Birthplace of Henry Tudor, father of the infamous Henry VIII, the castle has many long passageways and tunnels.
We wandered uninterrupted, immersing ourselves in bygone times brought vividly to life by displays and tableaux.
There’s plenty to recommend a short break out of season and Pembrokeshire is a particularly idyllic corner of south-west Wales to explore when the summer crowds have gone.
Over the weekend we drove along narrow country roads populated only by locals and without a caravan in sight, enjoyed free car parking in spots where there’s a fee during busy months and took leisurely strolls punctuated by a few indomitable walkers, who shrugged off the first chill of winter and strode past in shorts. This neck of the woods is a haven for ramblers as it’s home to Pembrokeshire Coast National Park, covering 260 miles of beautiful coastline and currently celebrating its 60th anniversary.
Granted, some attractions may have shut up shop for the winter but there’s still plenty to see and do, much of it at little or no cost. Our base was Wolfscastle Country Hotel in the village of the same name and a hop and a skip from Pembrokeshire’s county town Haverfordwest. The welcoming 20-room hotel, a former vicarage and coaching inn, is well placed for sightseeing.
Fortified by a full “Welsh” breakfast, featuring local free-range eggs, bacon and sausages, the first morning we headed for Tenby. This pretty little harbour town and seaside resort started life as a Welsh stronghold, due to its hilltop position, and sections of the old town walls still survive. Pastel-coloured houses rub shoulders with trendy surf shops. Hardy watersports enthusiasts can indulge their passion out of season, as breezier days stir up the surf, but we chose the more relaxed pursuit of browsing around the local gift shops.
At lunchtime we took in another part of the coastline at Porthgain. Hard to believe this picture postcard setting, with its fishing boats, couple of eateries and sculpture gallery, was once an industrial port with nearby quarries and a brickworks. The Sloop Inn, open year-round, was our watering hole of choice and the £7.95 sandwich filled with succulent local crab hit the spot.
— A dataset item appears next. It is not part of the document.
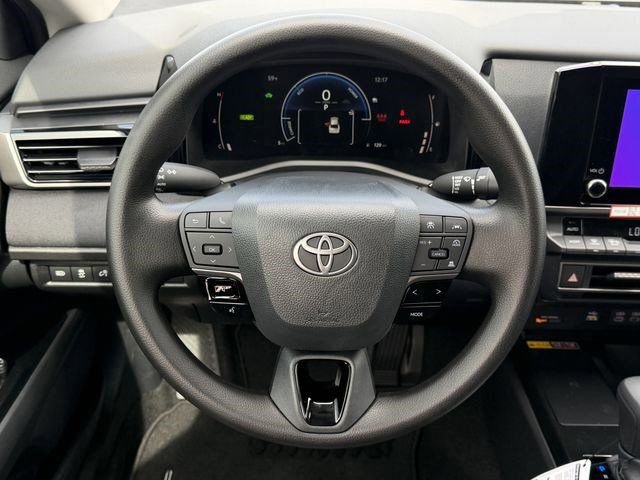 Used 2026 Toyota Tacoma SR5 image 13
A short drive took us to St Davids, extraordinary as being Britain’s smallest city in terms of size and population yet dominated by a huge cathedral and the adjoining ruins of the medieval Bishop’s Palace.
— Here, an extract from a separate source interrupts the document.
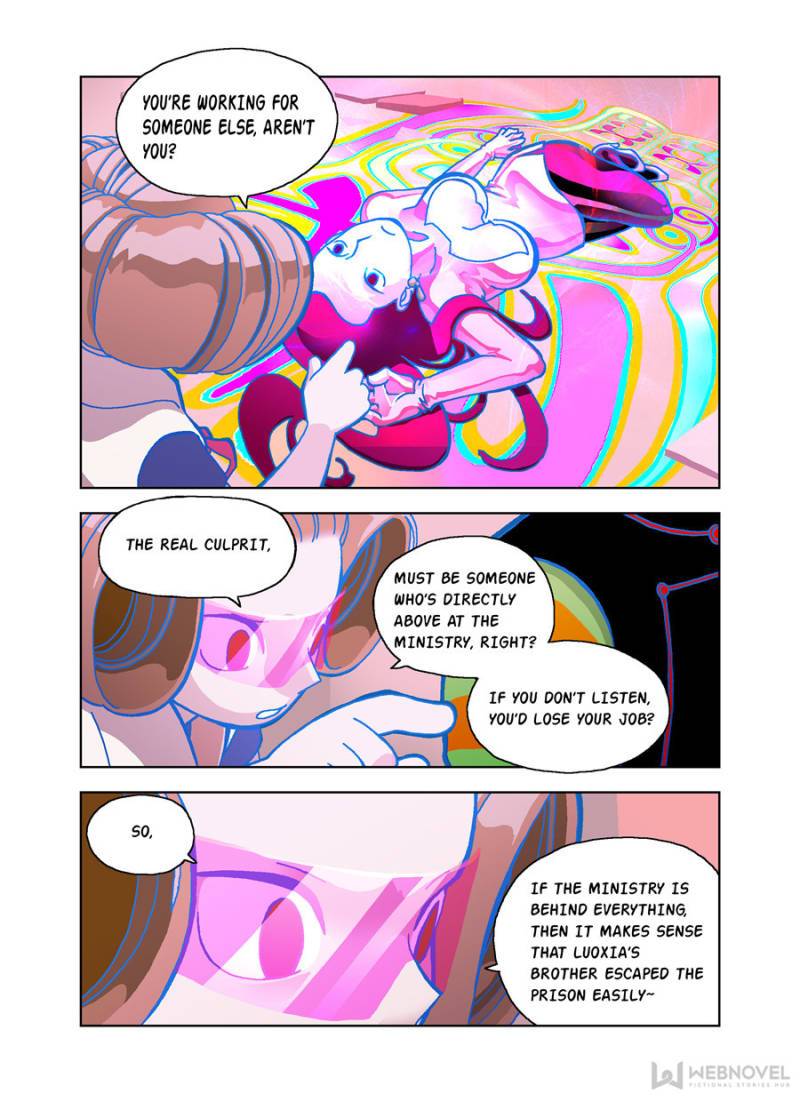 Page 11 of Chapter 81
St Davids Cathedral has been the dominant presence since the 12th century and was a popular pilgrimage destination throughout the Middle Ages, and indeed remains so to this day, attracting thousands of visitors every year.
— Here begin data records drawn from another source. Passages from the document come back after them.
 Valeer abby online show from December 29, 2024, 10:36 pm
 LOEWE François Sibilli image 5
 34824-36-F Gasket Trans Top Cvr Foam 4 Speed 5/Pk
At the end of the day the Wolfscastle’s AA rosette restaurant beckoned. Incredibly good value for anyone who is used to “southern” prices, the imaginative menu made the most of local produce such as Welsh lamb, cheese and bara brith – the latter used in the hotel’s take on bread and butter pudding.
No wonder the hotel is included in Welsh Rarebits, a collection of privately owned Hotels of Distinction.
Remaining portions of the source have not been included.